Wartime bullets have been discovered at a Mearns nature reserve which is proving to be a magnet for relics from the past.
The brass bullets from 1942 were found next to the old gun emplacement near the dune ridge at St Cyrus National Nature Reserve.
These defences focused around vulnerable stretches of coast, inland vulnerable points, as well as important coastal artillery batteries and dockyards.
Centre manager Therese Alampo said: “There is always something to stir the imagination at St Cyrus NNR.
“These 303 brass bullets from 1942 were found next to the old gun emplacement near the dune ridge by a very eagle eyed, knowledgeable gentleman.
“The bullets were made by Winchester and Remington and shot from Lee Enfield rifles during the second world war.”
The landscape at St Cyrus is constantly shifting, pushing out the northern coastline by up to five metres a year in some spots.
The sea is eroding the dune edge at the south end of the reserve and staff have witnessed remnants from the second world war emerging from the sands.
A French legionnaire’s rifle from the 1800s, which was made in Saint Etienne, was discovered 10 years ago in a sea cave on the nature reserve.

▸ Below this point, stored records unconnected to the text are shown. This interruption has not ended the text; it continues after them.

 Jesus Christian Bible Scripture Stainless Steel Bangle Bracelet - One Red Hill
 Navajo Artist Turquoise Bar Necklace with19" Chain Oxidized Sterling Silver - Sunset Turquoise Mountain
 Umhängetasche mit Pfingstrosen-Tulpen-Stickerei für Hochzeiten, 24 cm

More recently, four large barrel-shaped pieces of lard from a wartime shipwreck washed up at the beach in the wake of festive storms at the start of 2013.

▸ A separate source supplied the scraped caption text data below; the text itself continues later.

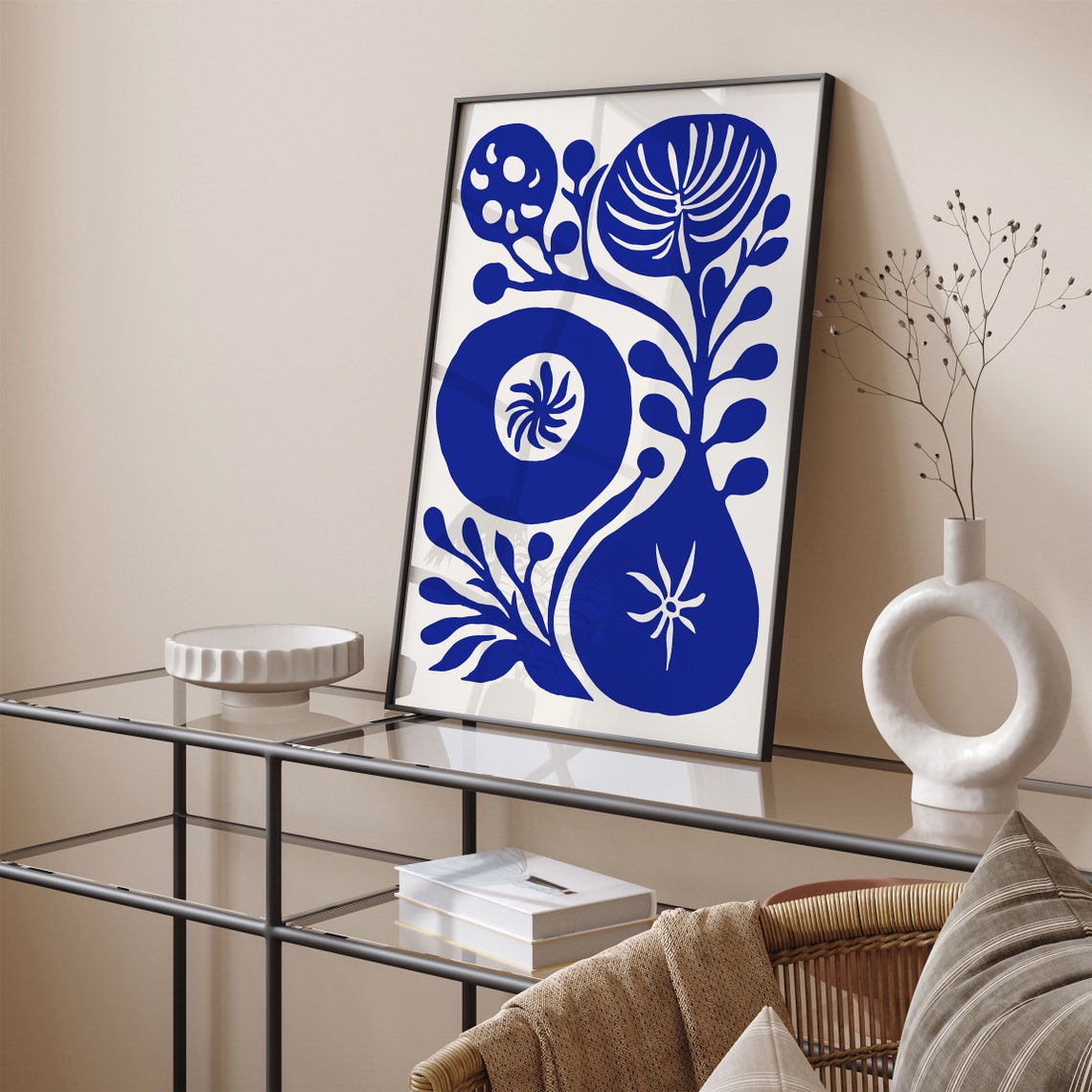 Blue Abstract Bloom Botanical Folk Art White Negative Space Print - Image 6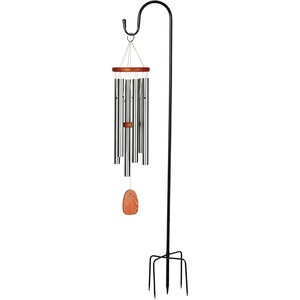 image:imageWoodstock Chimes Amazing Grace Chime Medium 24 Silver Wind Chime and 60 Shepherds Hook Windchime Hanger Metal Stake for Outside Patio Garden Yard Lawn Porch Dcor
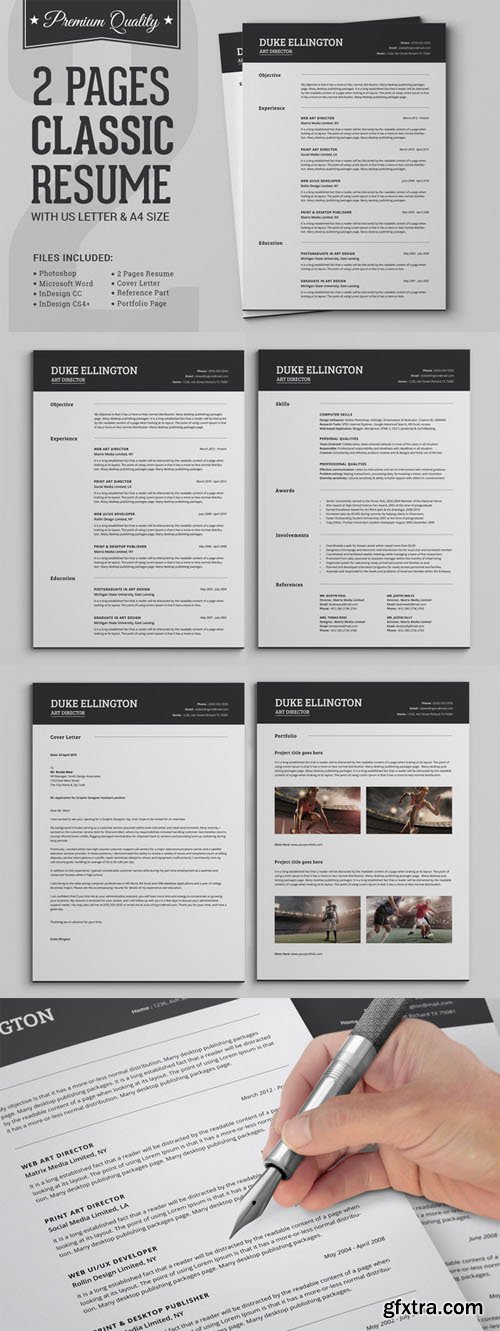 Two Pages Classic Resume CV Template - CM 282144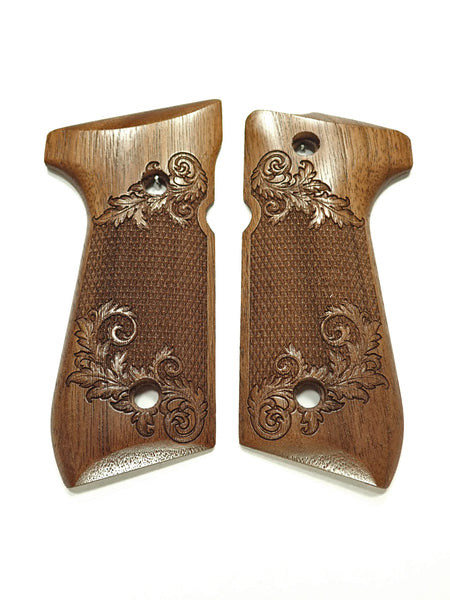 --Walnut Floral Checker Beretta 92fs Grips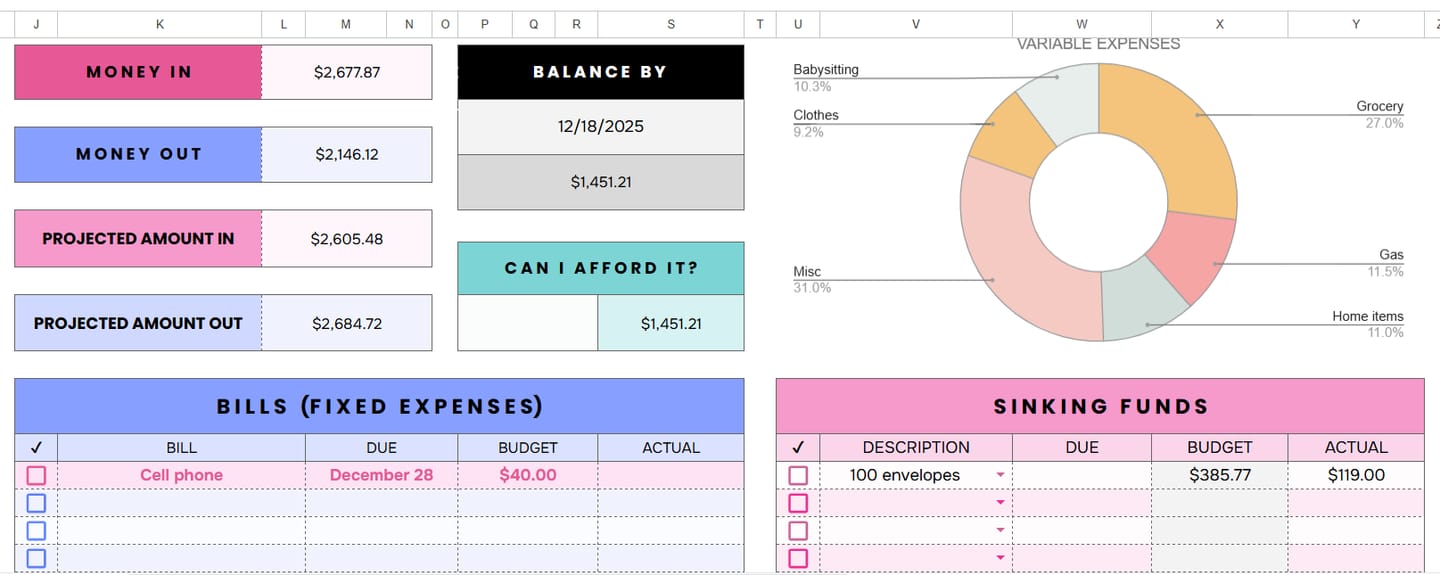 Customer photo review of The Budget Spreadsheet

The wreck of the Taurus, known locally as the Rosebury, is thought to lie further up the coast near Johnshaven, with bad weather setting free its contents over the years.

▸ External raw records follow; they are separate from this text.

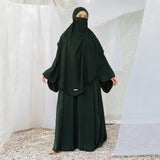 Pre Order Mida Abaya Khimar Set in Emerald (Lozy x Hamidah)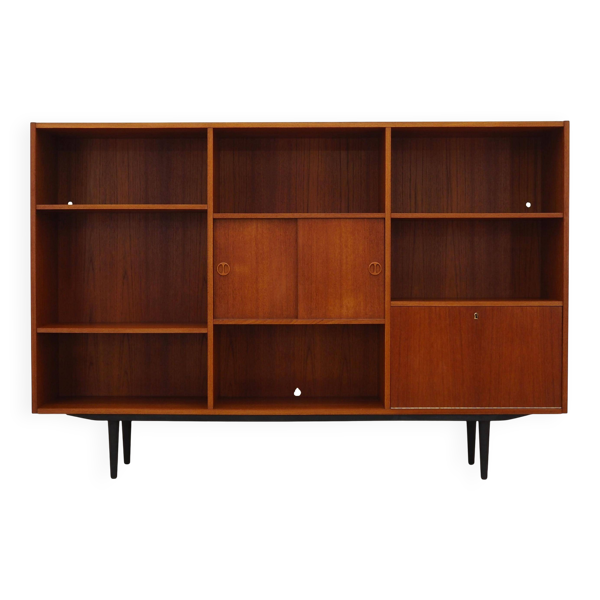 Bibliothèque en teck, design danois, années 1970, production : Danemark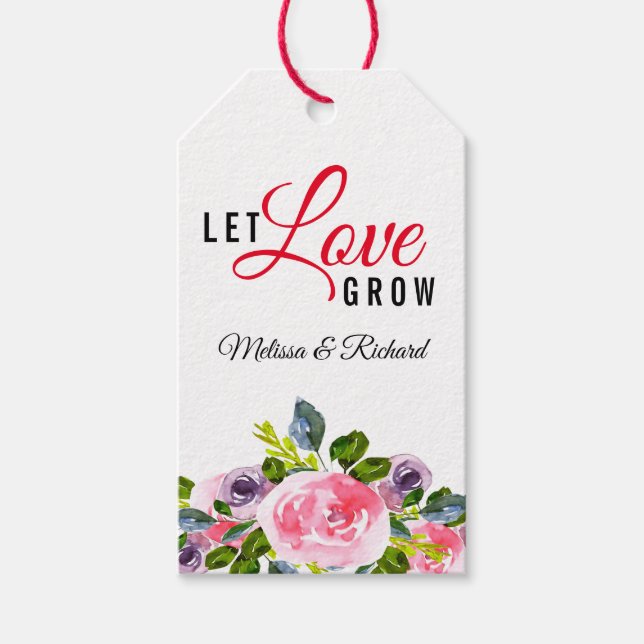 Étiquettes-cadeau Floral Laisser l'amour grandir Merci Mariage (Devant)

The lard first came ashore on the Mearns coastline in the 1940s and canny locals would scrape it off and fry food with it.
After a storm in the late 1960s or early 1970s the lard came onshore again.
Fishermen in the area were also said to have searched waters close to the wreck for their catch because fish which had fed off the fat had grown well beyond normal size.
SNH staff from St Cyrus remembered lard coming ashore in the early 1980s as well.
In September this year a 1920s tin can of Min cream car and household polish washed up at the nature reserve.
The tin can is the oldest thing ever found on the beach at St Cyrus and astonishingly still had cream inside it when it was discovered.
A drinks can – believed to be from the 1980s – was also found washed up on the sand in August. The pull-top Panda Shandy can was part of a growing trend of “retro rubbish” which has been washing up on UK beaches.